### [INSTRUCTIONS TO FOLLOW]
Would you please output all the records exactly as given? Pictures should not appear in the copy.
Start of DATASET EXCERPTS
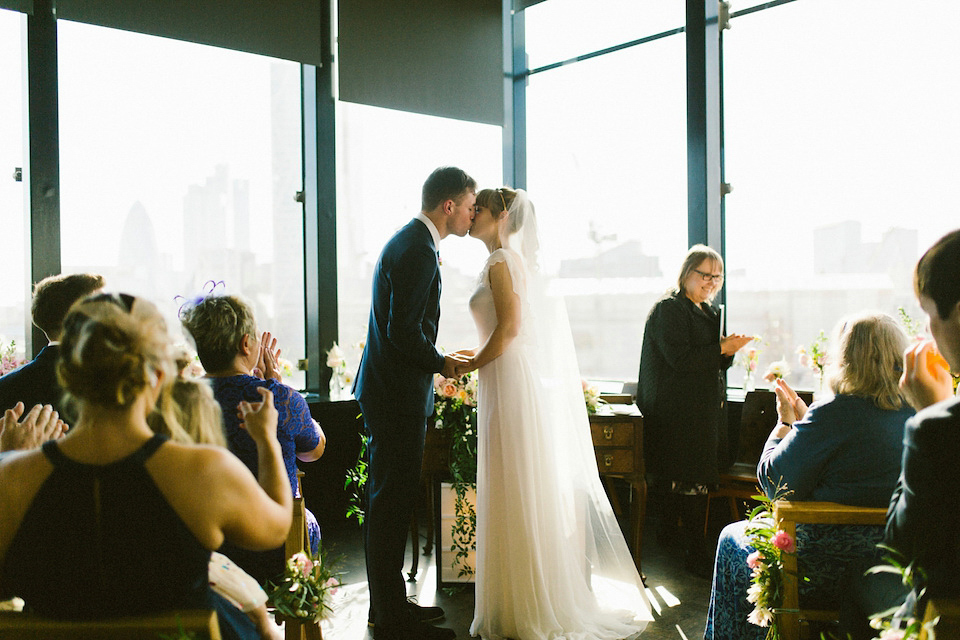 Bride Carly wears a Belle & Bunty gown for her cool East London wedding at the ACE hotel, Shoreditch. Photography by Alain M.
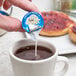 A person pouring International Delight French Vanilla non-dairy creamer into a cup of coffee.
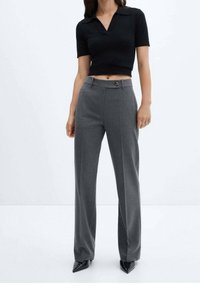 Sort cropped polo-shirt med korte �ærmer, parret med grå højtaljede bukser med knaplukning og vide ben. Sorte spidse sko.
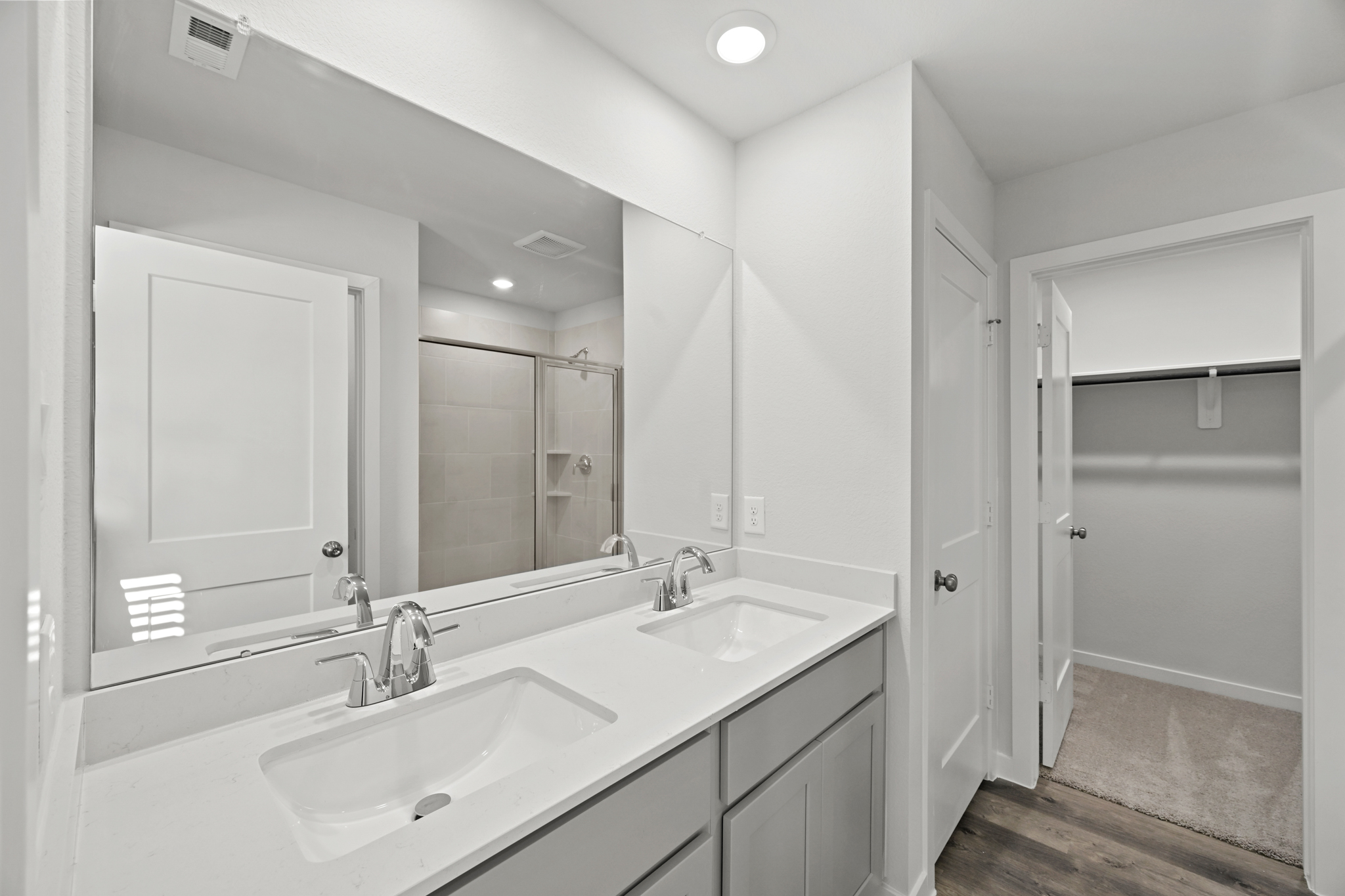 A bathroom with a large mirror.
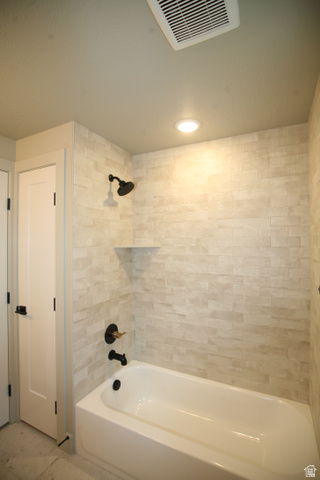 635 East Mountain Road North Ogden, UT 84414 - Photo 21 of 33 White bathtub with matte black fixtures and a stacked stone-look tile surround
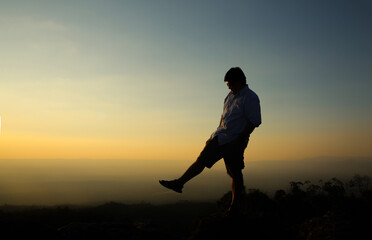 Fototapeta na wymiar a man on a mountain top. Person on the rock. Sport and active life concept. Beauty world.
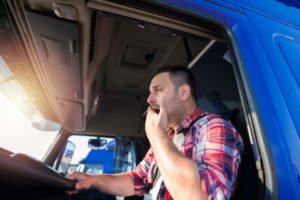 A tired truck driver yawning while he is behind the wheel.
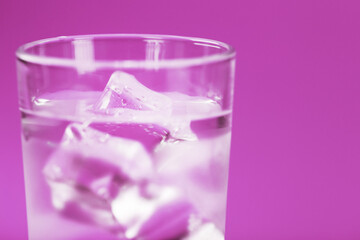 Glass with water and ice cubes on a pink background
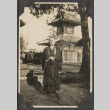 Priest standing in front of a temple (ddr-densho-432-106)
End of DATASET EXCERPTS
### [EXERCISE RESULT]
 Bride Carly wears a Belle & Bunty gown for her cool East London wedding at the ACE hotel, Shoreditch. Photography by Alain M.
 A person pouring International Delight French Vanilla non-dairy creamer into a cup of coffee.
 Sort cropped polo-shirt med korte �ærmer, parret med grå højtaljede bukser med knaplukning og vide ben. Sorte spidse sko.
 A bathroom with a large mirror.
 635 East Mountain Road North Ogden, UT 84414 - Photo 21 of 33 White bathtub with matte black fixtures and a stacked stone-look tile surround
 Fototapeta na wymiar a man on a mountain top. Person on the rock. Sport and active life concept. Beauty world.
 A tired truck driver yawning while he is behind the wheel.
 Glass with water and ice cubes on a pink background
 Priest standing in front of a temple (ddr-densho-432-106)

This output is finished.